I Want You to Like Me

Recently I heard a discussion about how people do things just so someone else will like them. Many children and teenagers fall into this trip. Adults who have a low self-concept may do this often also.

Sometimes people will do something to impress another person, even when they know their actions is not right. Teens may commit a crime to impress their peers.

I also need to recognize that these students may act the same way to impress a teacher. They may try to be the teacher’s pet in order to gain favor from the teacher.

I need to make sure that all of my students feel respected and liked. I shouldn’t expect my students to act a certain way in order for me to like them or help them.

I try to make it clear to all of the students when I first meet them that I know nothing about their past and will not judge them. They will start in my classroom with a clean slate.

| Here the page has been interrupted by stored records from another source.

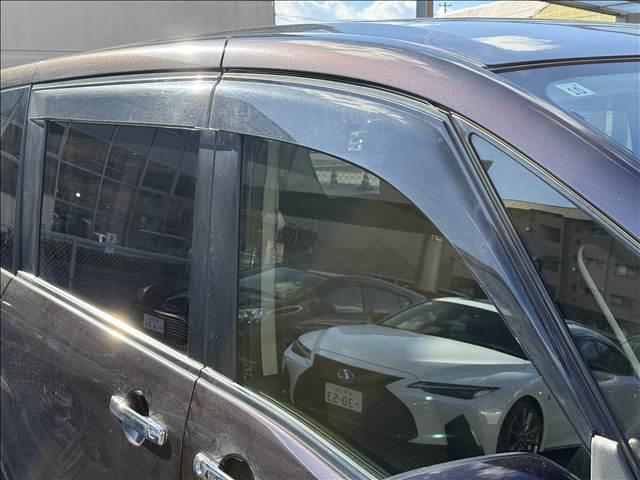 セレナ ハイウェイスター　Ｖセレクション　両電スラ　フルセグナビ　フリップダウンモニター　インテリキー　Ｐスタート　クルコン　ＢＴ　ＤＶＤ再生　ＥＴＣ　横滑り防止　ロールサンシェード　シートバックテーブル　Ｐガラス　ＵＶカット　ＩＳＯＦＩＸ（34枚目）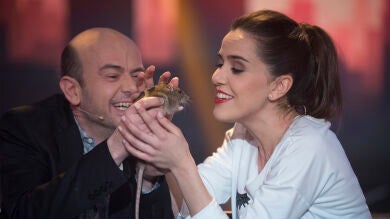 Roko, encandilada con una mascota un tanto peculiar en 'Hipnotízame'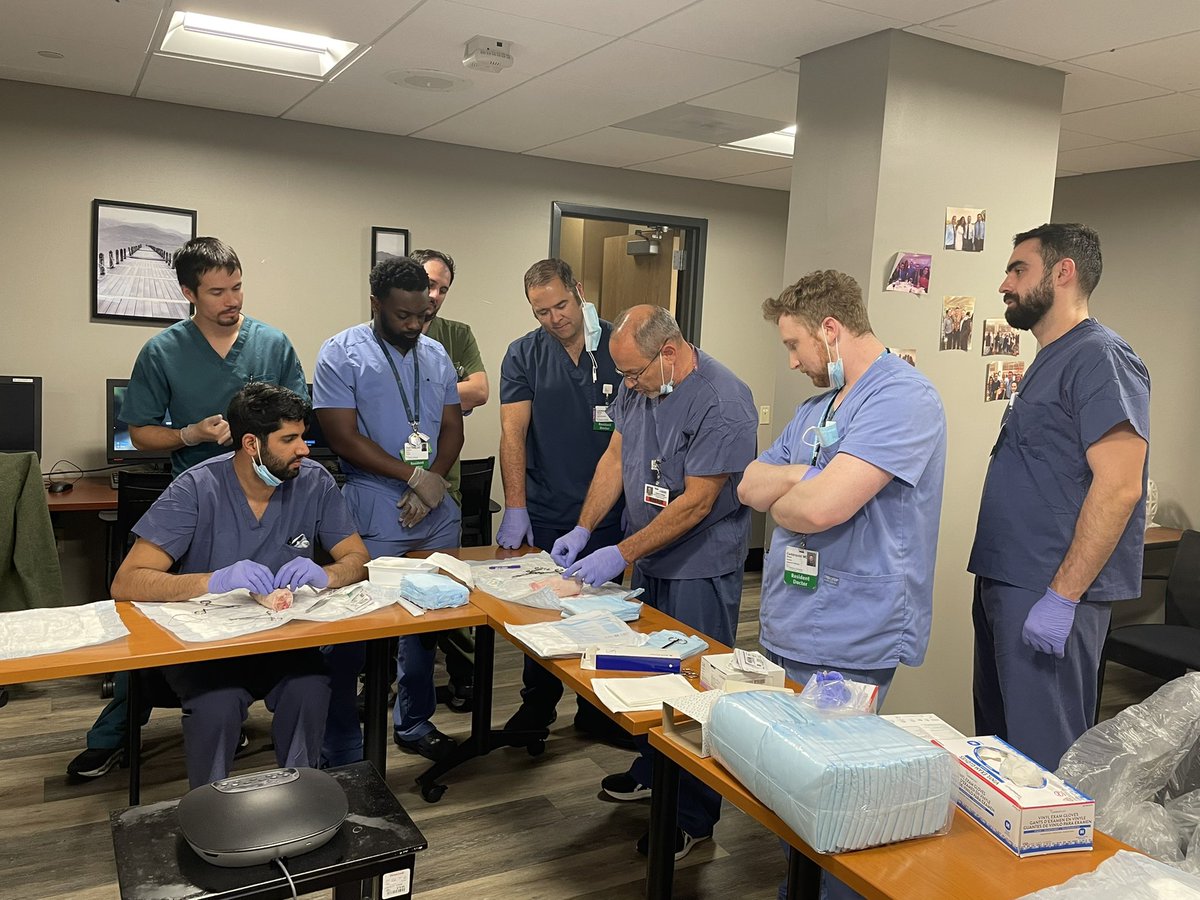 benraj95's tweet photo. @J_ferreri1 showing the #radres at Mather everything there is to know about port closures. Thanks to @JotDhillonDO for putting the suture workshop together. https://t.co/ad0tqB5kHG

Now, if they get in trouble for misbehavior, they will have to pay the consequences, but they will do so in order to learn how to act appropriately. Nothing they can do will make me not like them or cause me to like them less.

It is important for students to feel this unconditional acceptance in order to succeed in the classroom. The students have to face this fear of being unaccepted by their peers and sometimes with their families. The classroom should be a safe place for them. If they aren’t having to worry about acceptance, they can focus on learning whether it is learning academic subjects or learning appropriate behavior.

This feeling of acceptance won’t happen overnight. I need to repeat this acceptance over and over in the classroom to my students. Not only do I need to say the words that they need to hear, but my actions need to reflect what I’m saying to them. I need to believe in what I’m saying as well as my students. Students can detect insincerity very easily.